It’s been two years since Kyle Guy knew what it felt like to be in the midst of a losing streak. He’d prefer to avoid a reminder, but he and his Virginia teammates will have to try Monday night at North Carolina to elude a skid.
Less than 48 hours after the conclusion of Saturday night’s 81-71 loss at home to No. 2 Duke, U.Va. has the unenviable chore of having to play at North Carolina, which began Monday ranked No. 8 in the nation and is tied for first in the Atlantic Coast Conference with Duke. Dodging back-to-back losses for the first time since the 2016-17 season will be a tall order for U.Va. (20-2, 8-2) heading into Chapel Hill.
“I think we have experience with that kind of thing,” Guy said of the short preparation time for the Cavaliers, who came into Monday ranked No. 3 in the nation. “The quick turnaround is good for us to try to move on.”
U.Va., which lost four consecutive games in the ’16-17 season (including a 65-41 loss in its last trip to UNC), is coming off its most frustrating defensive effort in recent memory. Duke shot 58.7 percent from the floor — the best percentage against U.Va. since November 2010, when Washington shot 58 percent in the Huskies’ 106-63 win in Maui.
Duke made 13 of 21 shots from 3-point range. The only ACC player Saturday hotter from beyond the 3-point line than Duke’s RJ Barrett, who was 6 of 10 on 3s, was UNC freshman point guard Coby White.
Though UNC (19-4, 9-1) struggled at home to get past Miami 88-85 in overtime, White was unflappable from long range. He matched his career high with 33 points, featuring a 7-of-10 performance on 3-point attempts, to fuel UNC’s 13-of-26 shooting from long range.
While getting closer to resembling the sort of perimeter defense that entered the game against Duke surrendering just 24.7 percent shooting from 3-point range (best in the nation) will be critical against a UNC program that’s third in the ACC in 3-point shooting percentage (37.9), U.Va. also has other concerns to address.

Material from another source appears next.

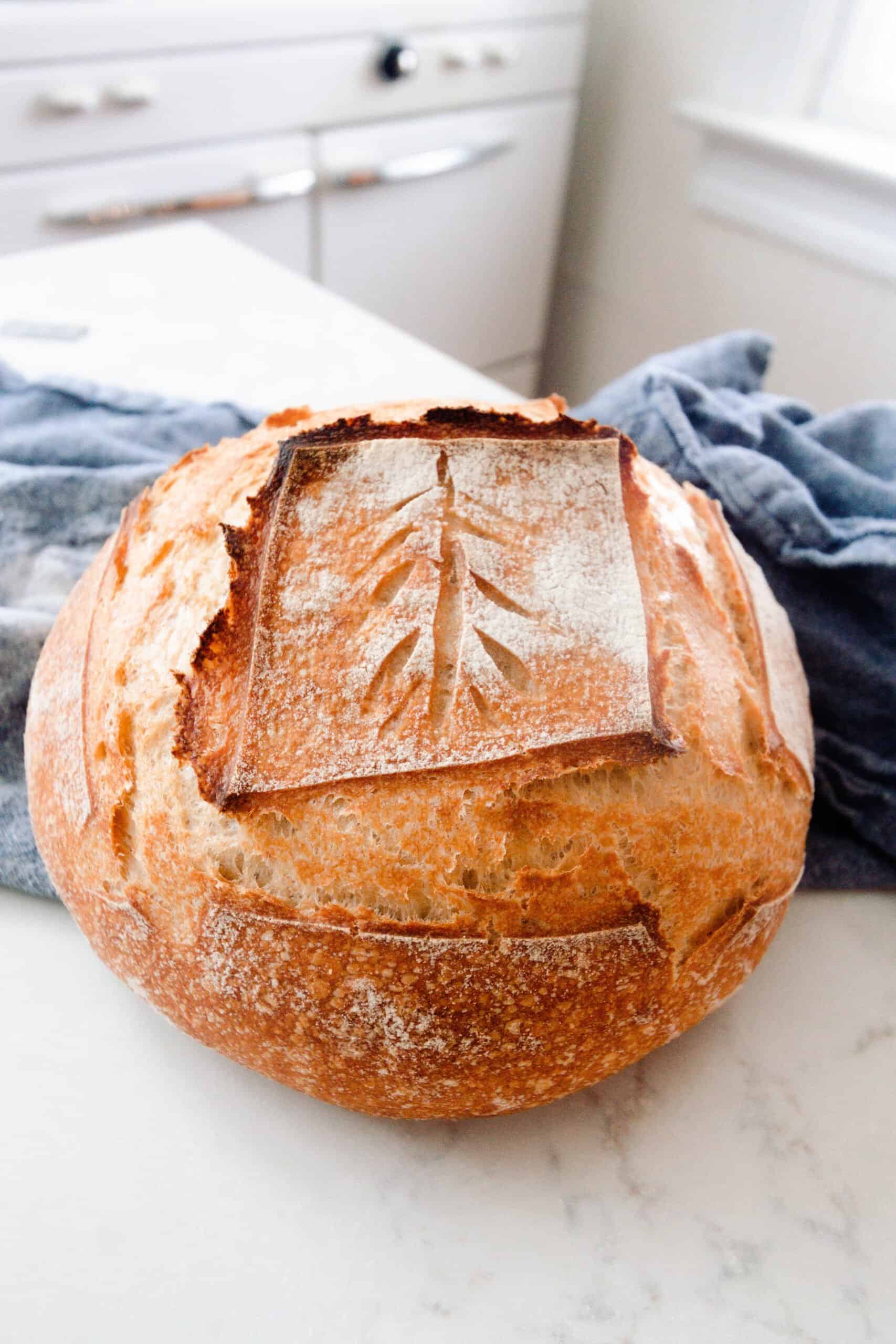 No-Knead Sourdough Bread - Farmhouse On Boone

U.Va. committed 14 turnovers against Duke, marking the third straight game in which the Cavaliers have turned the ball over at least that many times. Before the current three-game stretch, U.Va. had turned it over more than 13 times in a game only once this season (a season-high 16 in a win against Marshall).
Duke scored 17 fast-break points against U.Va., which couldn’t muster a single point in transition. That’s a particularly disturbing development given UNC’s penchant for running (fifth-fastest in the nation in terms of tempo, averaging 75.3 possessions per 40-minute game, according to statistician Ken Pomeroy).
“I think there’s some stuff that we’ll need to see that’ll be important in the Carolina game, and that’ll have to be fixed with the way they offensive-rebound and the way they can pressure and all those things,” said U.Va. coach Tony Bennett, whose team employs the slowest tempo in the nation (averaging 59.4 possessions per game).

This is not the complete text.